Au Japon, voilà 26 ans qu’ils se servent de ce vaudou. Nous surveillons le Japon depuis le milieu des années 80, lorsque tout le monde était convaincu que la Japan Inc. était le miracle de l’éconosphère.

L’économie miracle a explosé en 1989 et la liquidité a disparu. Depuis, la Japan Inc. est le Sahara du monde développé. QE, taux zéro, taux négatifs, déficits monumentaux, Abenomics… rien n’a réussi à faire tomber la pluie.

Les taux négatifs, annoncés à la fin de l’an dernier, étaient supposés accomplir le prodige. Les épargnants étaient censés jeter l’éponge, ouvrir leur porte-monnaie… et dépenser, dépenser, dépenser pour éviter de payer l’impôt sur l’épargne.

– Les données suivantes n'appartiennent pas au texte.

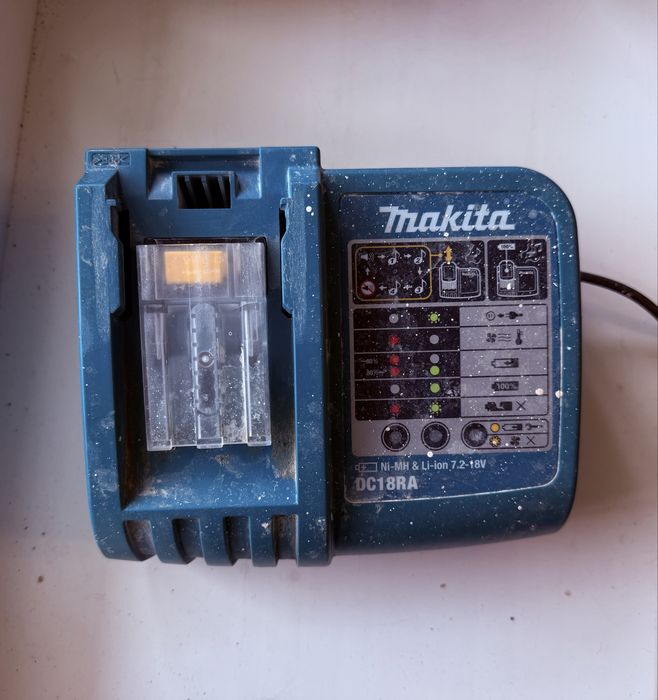 Оригінальний швидкий зарядний пристрій Makita DC18RA (7.2–18V)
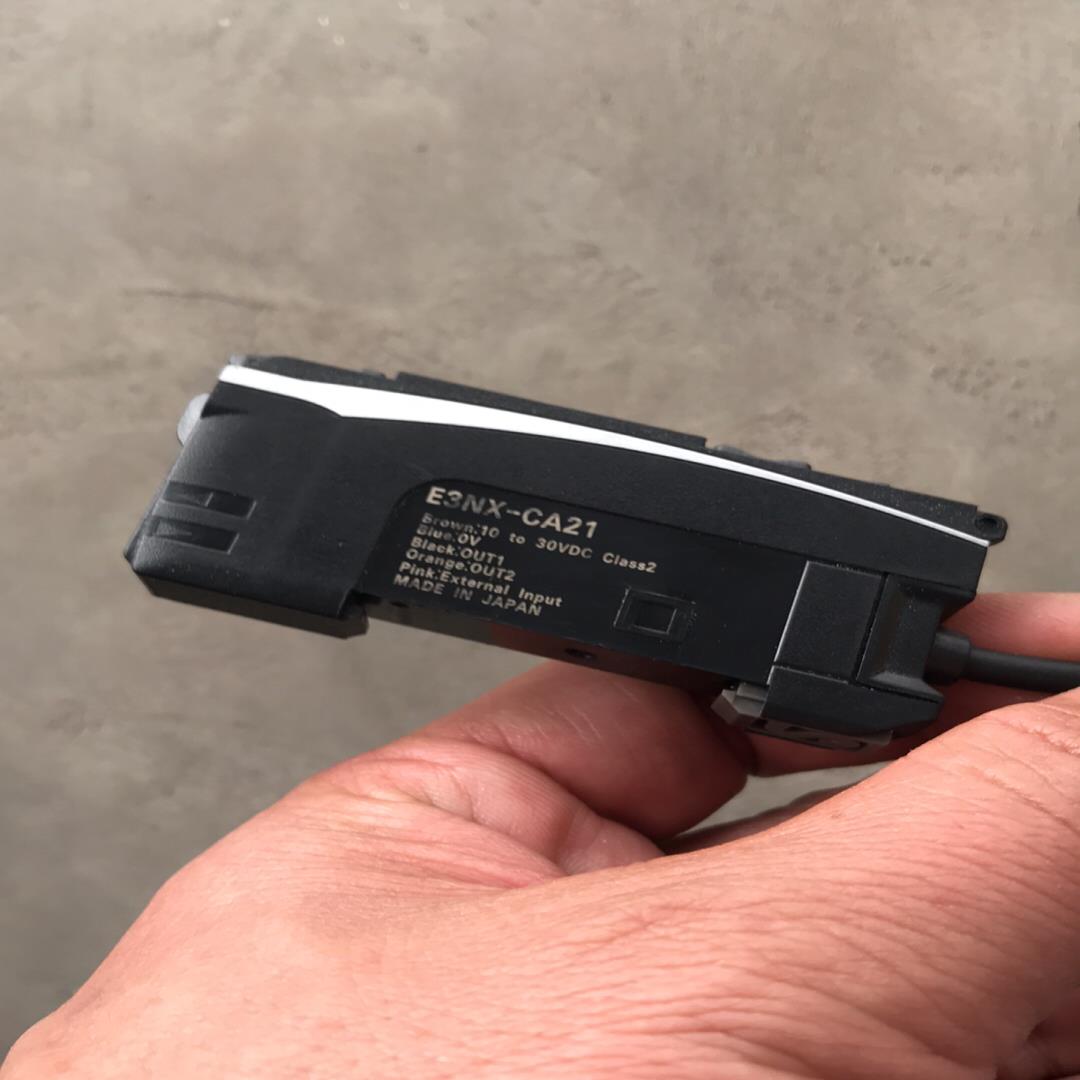 E3NX-CA21光仟放大器，成色95新，长线两米，功能已测（豆豆设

Avec des taux négatifs, ils avaient besoin de plus d’épargne pour parvenir au même résultat

Au lieu de ça, les épargnants ont épargné plus. Que pouvaient-ils faire d’autre ? Avec des taux négatifs, ils avaient besoin de plus d’épargne pour parvenir au même résultat.

Résultat : en janvier, les ventes au détail ont chuté de 2,3% par rapport au mois précédent.

Les autorités japonaises ne déposent pas les armes, ceci dit. A présent, elles se tournent vers deux des plus célèbres sorciers du monde — Paul Krugman et Joseph Stiglitz — pour des conseils sur la suite.

Le Japon est célèbre pour avoir accumulé de gigantesques déficits budgétaires afin de relancer l’économie. Grâce à un quart de siècle de ces budgets souples, l’Archipel a désormais une dette gouvernementale brute se montant à 240% du PIB et près de neuf fois ses recettes fiscales.

La majeure partie de ces dépenses sont utilisées pour financer des programmes destinés aux seniors — la santé et les retraites — rendant toute diminution difficile. Les finances gouvernementales japonaises ne sont rien d’autre qu’un gigantesque programme d’allocations vieillesse… qui est condamné à faire faillite.

Pas d’inquiétude, messieurs les Japonais. Selon le Financial Times, les deux lauréats du Prix Nobel sont allés à Tokyo et ont affirmé — incroyable mais vrai — que le Japon a besoin de plus de liquidités, c’est-à-dire d’une « politique budgétaire plus souple ».

Oui, comme la Nouvelle-Orléans avait besoin d’une averse après l’ouragan Katrina.